[Opening ENTRIES SUPPLIED section]
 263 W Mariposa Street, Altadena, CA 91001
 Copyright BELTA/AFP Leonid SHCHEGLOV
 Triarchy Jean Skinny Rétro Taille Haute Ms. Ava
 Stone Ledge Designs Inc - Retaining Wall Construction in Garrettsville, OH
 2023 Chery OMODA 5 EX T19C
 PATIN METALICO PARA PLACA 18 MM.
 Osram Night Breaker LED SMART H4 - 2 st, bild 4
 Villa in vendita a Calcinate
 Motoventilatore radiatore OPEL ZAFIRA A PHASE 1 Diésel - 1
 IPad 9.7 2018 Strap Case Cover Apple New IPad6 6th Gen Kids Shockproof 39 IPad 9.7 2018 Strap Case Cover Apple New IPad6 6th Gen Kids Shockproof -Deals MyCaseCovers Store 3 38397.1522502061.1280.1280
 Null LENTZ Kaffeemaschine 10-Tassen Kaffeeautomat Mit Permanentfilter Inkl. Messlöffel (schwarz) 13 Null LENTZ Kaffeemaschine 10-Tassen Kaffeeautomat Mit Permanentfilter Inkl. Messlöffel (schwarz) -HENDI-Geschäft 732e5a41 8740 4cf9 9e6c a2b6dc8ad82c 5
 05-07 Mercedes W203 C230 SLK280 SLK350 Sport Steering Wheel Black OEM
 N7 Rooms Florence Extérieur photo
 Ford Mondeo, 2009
[Closing ENTRIES SUPPLIED section]
» PROMPT: With the line holding "PATIN METALICO PARA PLACA 18 MM." as the first and the line holding "Motoventilatore radiatore OPEL" as the last, set down that range of the entries above exactly, and nothing else.

» EXPECTED OUTPUT:
 PATIN METALICO PARA PLACA 18 MM.
 Osram Night Breaker LED SMART H4 - 2 st, bild 4
 Villa in vendita a Calcinate
 Motoventilatore radiatore OPEL ZAFIRA A PHASE 1 Diésel - 1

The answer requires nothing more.